The UEFA Futsal Euro 2016 qualifying competition was a men's futsal competition that determined the 11 teams joining the automatically qualified hosts Serbia in the UEFA Futsal Euro 2016 final tournament.

The national teams from a total of 45 UEFA member associations entered the qualifying competition. Scotland made their UEFA Futsal Euro qualifying debut.

Format
The qualifying competition consisted of three rounds:
Preliminary round: The 24 lowest-ranked teams were drawn into six groups of four teams. Each group was played in single round-robin format at one of the teams which were pre-selected as hosts. The six group winners and the best runner-up advanced to the main round.
Main round: The 28 teams (21 highest-ranked teams and seven preliminary round qualifiers) were drawn into seven groups of four teams. Each group was played in single round-robin format at one of the teams which were pre-selected as hosts. The seven group winners qualified for the final tournament, while the seven runners-up and the best third-placed team advanced to the play-offs.
Play-offs: The eight teams were drawn into four ties to play home-and-away two-legged matches to determine the last four qualified teams.

Tiebreakers
In the preliminary round and main round, the teams were ranked according to points (3 points for a win, 1 point for a draw, 0 points for a loss). If two or more teams were equal on points on completion of a mini-tournament, the following tie-breaking criteria were applied, in the order given, to determine the rankings:
Higher number of points obtained in the mini-tournament matches played among the teams in question;
Superior goal difference resulting from the mini-tournament matches played among the teams in question;
Higher number of goals scored in the mini-tournament matches played among the teams in question;
If, after having applied criteria 1 to 3, teams still had an equal ranking, criteria 1 to 3 were reapplied exclusively to the mini-tournament matches between the teams in question to determine their final rankings. If this procedure did not lead to a decision, criteria 5 to 10 applied;
Superior goal difference in all mini-tournament matches;
Higher number of goals scored in all mini-tournament matches;
If only two teams had the same number of points, and they were tied according to criteria 1 to 6 after having met in the last round of the mini-tournament, their rankings were determined by a penalty shoot-out (not used if more than two teams had the same number of points, or if their rankings were not relevant for qualification for the next stage).
Lower disciplinary points total based only on yellow and red cards received in the mini-tournament matches (red card = 3 points, yellow card = 1 point, expulsion for two yellow cards in one match = 3 points);
Coefficient ranking;
Drawing of lots.

To determine the best runner-up in the preliminary round and the best third-placed team in the main round, the following criteria were applied:
Higher number of points;
Superior goal difference;
Higher number of goals scored;
Lower disciplinary points total based only on yellow and red cards received (red card = 3 points, yellow card = 1 point, expulsion for two yellow cards in one match = 3 points);
Coefficient ranking;
Drawing of lots.

In the play-offs, the team that scored more goals on aggregate over the two legs qualified for the final tournament.
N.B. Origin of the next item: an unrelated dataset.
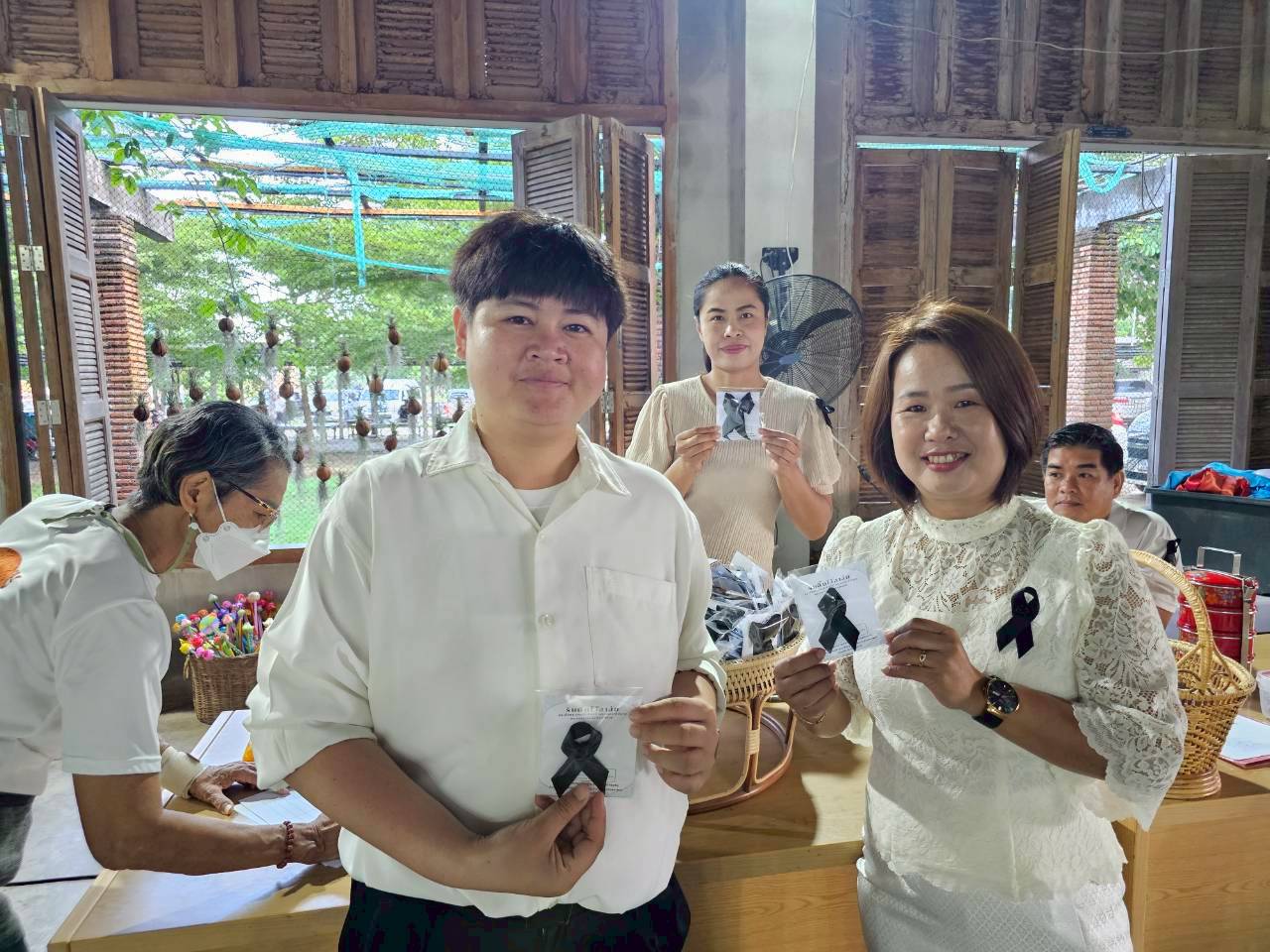 แจกริบบิ้นไว้อาลัย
If the aggregate score was level, the away goals rule was applied, i.e., the team that scored more goals away from home over the two legs advanced. If away goals were also equal, extra time was played. The away goals rule was again applied after extra time, i.e., if there were goals scored during extra time and the aggregate score was still level, the visiting team advanced by virtue of more away goals scored. If no goals were scored during extra time, the tie was decided by penalty shoot-out.

Schedule
The qualifying matches were played on the following dates.

Entrants
The teams were ranked according to their coefficient ranking, calculated based on the following:
UEFA Futsal Euro 2012 final tournament and qualifying competition
2012 FIFA Futsal World Cup final tournament and qualifying competition
UEFA Futsal Euro 2014 final tournament and qualifying competition

The 21 highest-ranked teams entered the main round, while the 24 lowest-ranked teams entered the preliminary round. The coefficient ranking was also used for seeding in the preliminary round and main round draws.

Notes
Serbia (Coeff: 4.528; Rank: 8) qualified automatically for the final tournament as hosts.
Iceland (Coeff: 0.222; Rank 41), Republic of Ireland (Coeff: 0.000; Rank 47), Austria (no rank), Faroe Islands (no rank), Germany (no rank), Liechtenstein (no rank), Luxembourg (no rank), and Northern Ireland (no rank) did not enter.
Teams which were pre-selected as preliminary round or main round hosts were denoted by (H).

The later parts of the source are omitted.